Why seeking therapy when moving down donor conception isn’t about you!

Therapy session graphic

When you’re so focused on yourself, it’s good to seek out a fertility counsellor.  They’ll be quick to let you know, it’s not all about you!

That’s right you’re not seeing them because you got issues, but yes of course you have, you’re going there to be told that your future child will have them if you don’t make the right moves from the get-go!

Whether you refer to them as counsellor or therapist, they use a range of tools and techniques to assist us in reaching our own resolutions.  They’ll also assist us in developing strategies to address and remedy our concerns.  

They offer much insight and open you up to a broader perspective in the donor world.  Concerns you may not know you should have, yet!

Haven’t been to a therapist before?  Well, when you’re making a human then it’s possibly one of the best times to jump on it especially when you are seeking to do it in a way that’s considered unconventional at this juncture in time.   While you think you’ve got your head around this, it’s likely there are some considerations that you have not yet thought of.  And that is to be expected.  When you’re completely consumed with “I want a baby” desires or perhaps more flippantly believe “giving sperm is just like giving blood”, you’re not necessarily deeply aware of the little matters that may pop up or the longer term ramifications of your actions, thoughts, desires you have today. 

Counselling was mandatory for me when I was pursuing IUI’s through the fertility clinic and it really did allow me to get outside my head about what solo parenting looked like for me once a baby made its way into the world.  I think we think we know, but it’s not until it’s a conversation beyond the one you have with your other internal voice that you gain a much larger perspective.  The potential issues and concerns that were discussed in my counselling sesh were not exclusively tied to the outcome of using an anonymous donor either.  

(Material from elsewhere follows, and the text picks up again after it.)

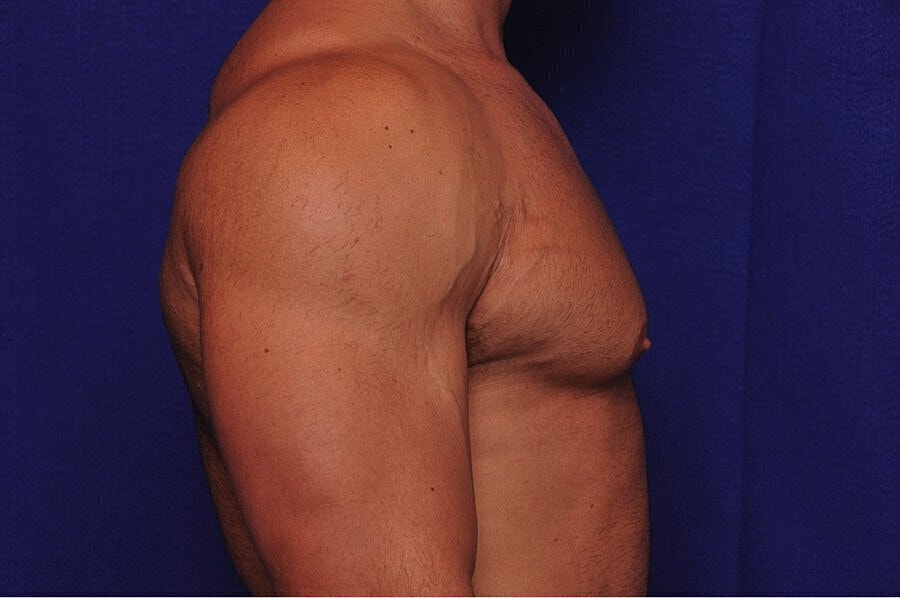 Side profile of male torso against blue background.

One consideration that I didn’t think about at the time when I queried using a friend to be the donor was the implications it would bring to his parents.  As he had no children of his own, it meant as a donor his mother and father would not be regarded as the child’s grandparents.  Therefore, the contact they would possibly desire could be quite hurtful and heartbreaking for them.  

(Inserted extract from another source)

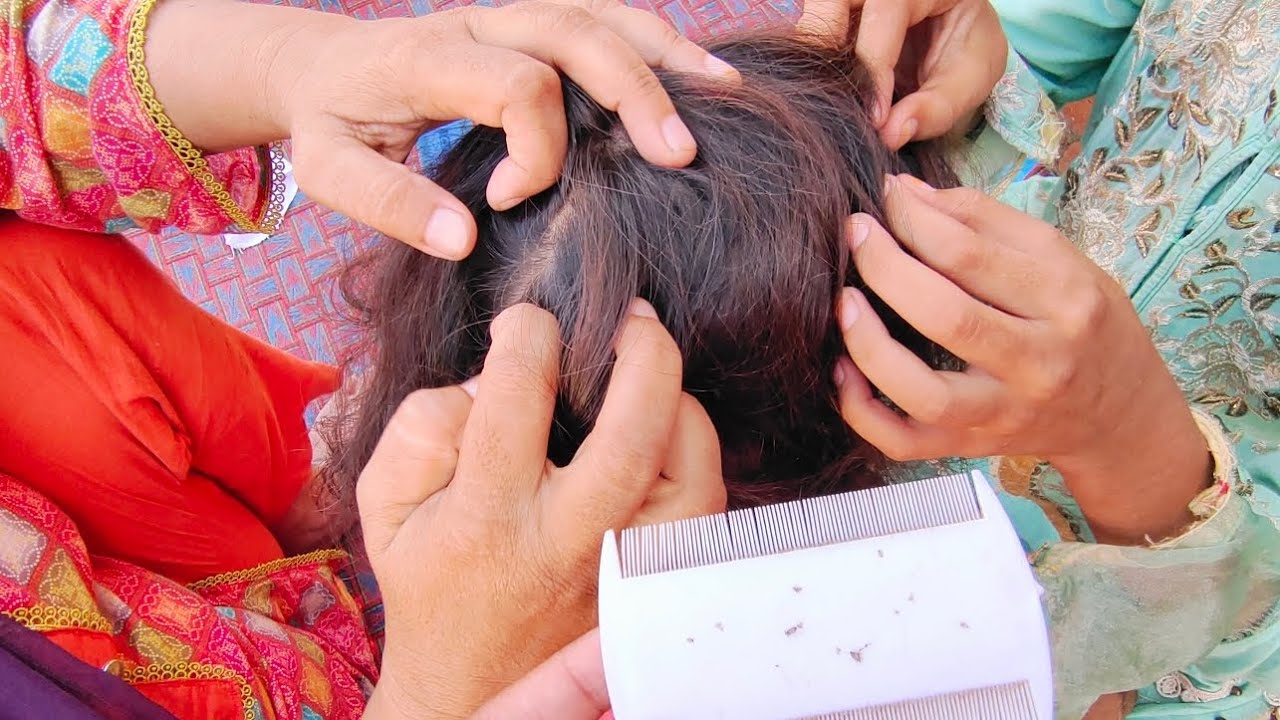 short hairs full of lices and nits #ASMRSajida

It can also be difficult when there is already a friendship or emotional connection in place with a known donor.  Your relations with that person may implicate you or your little one down the track especially if you want to add another monkey to your zoo.

There’s a good chance that once the donor meets the child he will have some kind of bond to the child because he already has one with you. 

A case that often gets referred to is the Masson versus Parsons case and it’s the perfect example of why understanding what you’re going down this donor route truly means.

In this case, the donor was not just a donor.  He was a close friend to two women.  Together they created a child.  Once that child was born he was no longer a donor.  He was and is the father of their child.